The Catacombs Catacombs Credits Guide
Johnny Byrne

Matter Of Life And Death

I came into Space when the first episode called "Breakaway" was just about to go onto the floor. It had a 14 day schedule and Lee Katzin was going to direct it and I was brought in because they hadn't really got any follow-up scripts prepared. The next script to go on the floor was meant to be something written by Art Wallace. It was unsuitable because, you know, to be fair to the writer, he had written it in isolation long before the thing had become a reality. Writing for a series is a very precise art that has to be geared to the actual conditions existing at the time. I was brought in 14 days before the shooting began on "Breakaway" on a kind of six weeks trial basis to get the second script into operation. My brief was to act as a story editor. The first job I was faced with was a complete rewrite, a complete restructure 'coz I don't like messing up people's work, but the requirements were quite severe.

We had great trouble with the first script "Matter of Life and Death." I can't quite remember what Art Wallace's script was like, I think it was called "The Breath of Life" or something. I was working under great pressure. Two weeks to get this thing ready and I was pitched in, as they say, into the deep end.

There were various meetings to decide upon the quickest way to turn this into a useable script, and one of them was to deal with it on the basis of someone who was trapped in a kind of matter anti-matter existence.

The script that was shot bore no resemblance whatsoever to Art Wallace's script.

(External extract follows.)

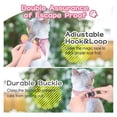 thumbnail image 7 of No Pull Dog Harness for Small Dogs, Breathable Mesh Dog Vest Harness Reflective Dog Walking Harness Anti Pull Adjustable Pet Harness, 1 Pack, 7 of 7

It was a hybrid and I still think it looks that way...that there were two things pulling away from each other. This is what always happens when you start off with what is basically an unworkable idea and you try to remain faithful to it. You develop it, but no matter how far down the line you go, there's always a hang-over that's pulling it back to what it should be and it's usually discovered at the end that it would have been much better to start with something completely new than to take something that's old but seems to be workable. At the end of the day, it's a quicker job to start with something new and I wish that I had done that, but they wanted, I think, to get some value from these scripts that had already been written.

Richard Johnson was the guest star and it was directed by Charles Crichton. It was the first time that I'd worked with Charles and, of course, it was wonderful. So I put up with whatever aggravations that I had at re-writing someone else's script out of existence...which was the only way to make it work in the Space: 1999 context...and I shared the credit with Art Wallace, because the basic idea, no matter how far we had departed from it, was his. I could have taken the full credit but I was happy to take a shared credit.

"Matter of Life and Death" had been written too hazily and could've done with a lot more rethinking about it, but it had to be done.


Comments by Johnny Byrne, abridged from an interview with Tim Mallett and Glenn Pearce and a 1982 interview with Carsten Andresen.